Exercise instructions. Please return only the lines from the one with "SKANDAL NA N1: Blokader" through the final line of the data, unchanged, with pictures omitted.

[Records drawn from a dataset]
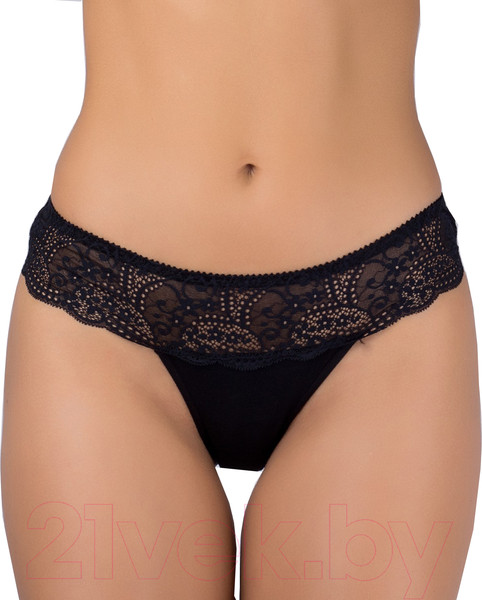 Изображение товара Трусы женские Verally 1040-3 (р.94, черный)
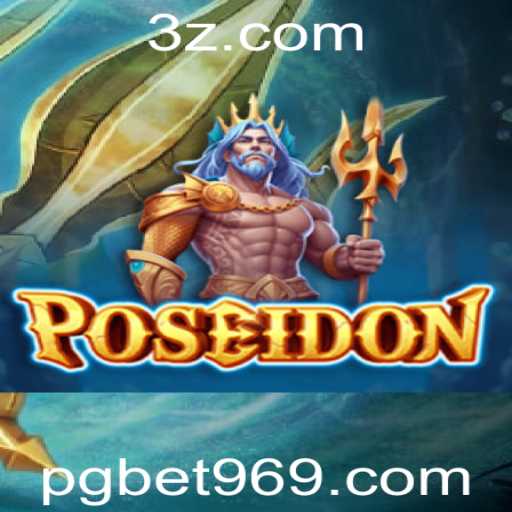 Explorando Poseidon: O Novo Jogo de Estratégia com bet969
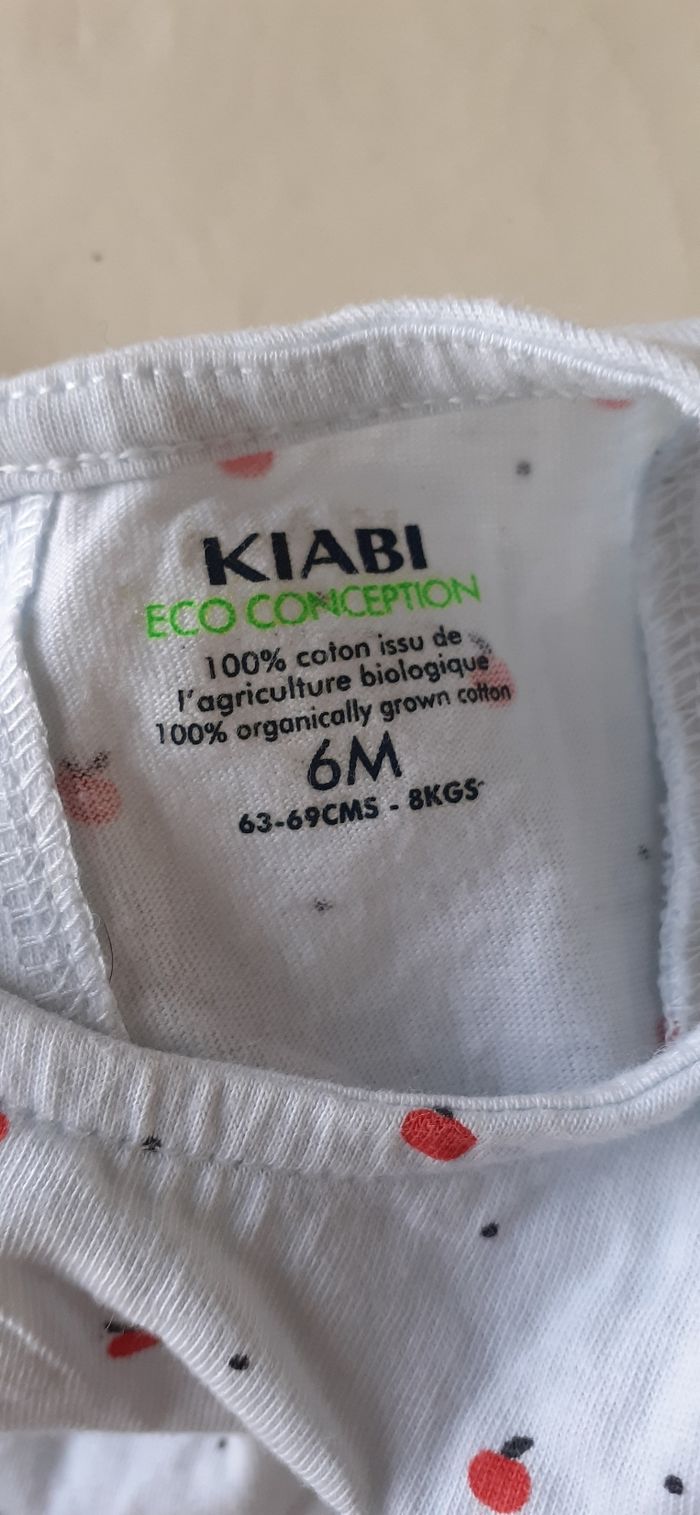 Barboteuse 6 mois - photo numéro 2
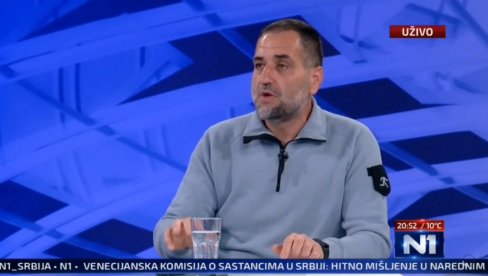 SKANDAL NA N1: Blokader otvoreno preti oružjem ako ne pobede na lokalnim izborima 29. marta (VIDEO)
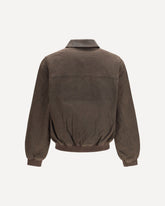 Roscoe Bomber - BROWN | Base Blu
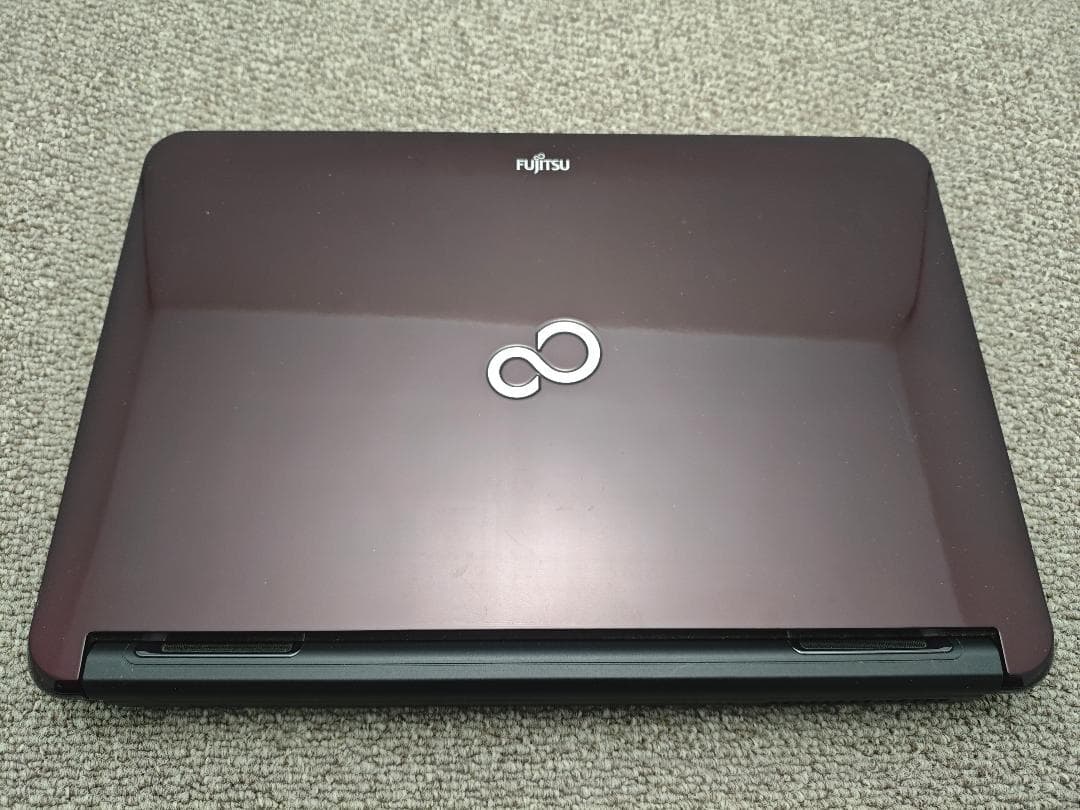 nana様メモリ16GB 限定色Windows11✨Core i7SSDリカバリ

Answer section.
 SKANDAL NA N1: Blokader otvoreno preti oružjem ako ne pobede na lokalnim izborima 29. marta (VIDEO)
 Roscoe Bomber - BROWN | Base Blu
 nana様メモリ16GB 限定色Windows11✨Core i7SSDリカバリ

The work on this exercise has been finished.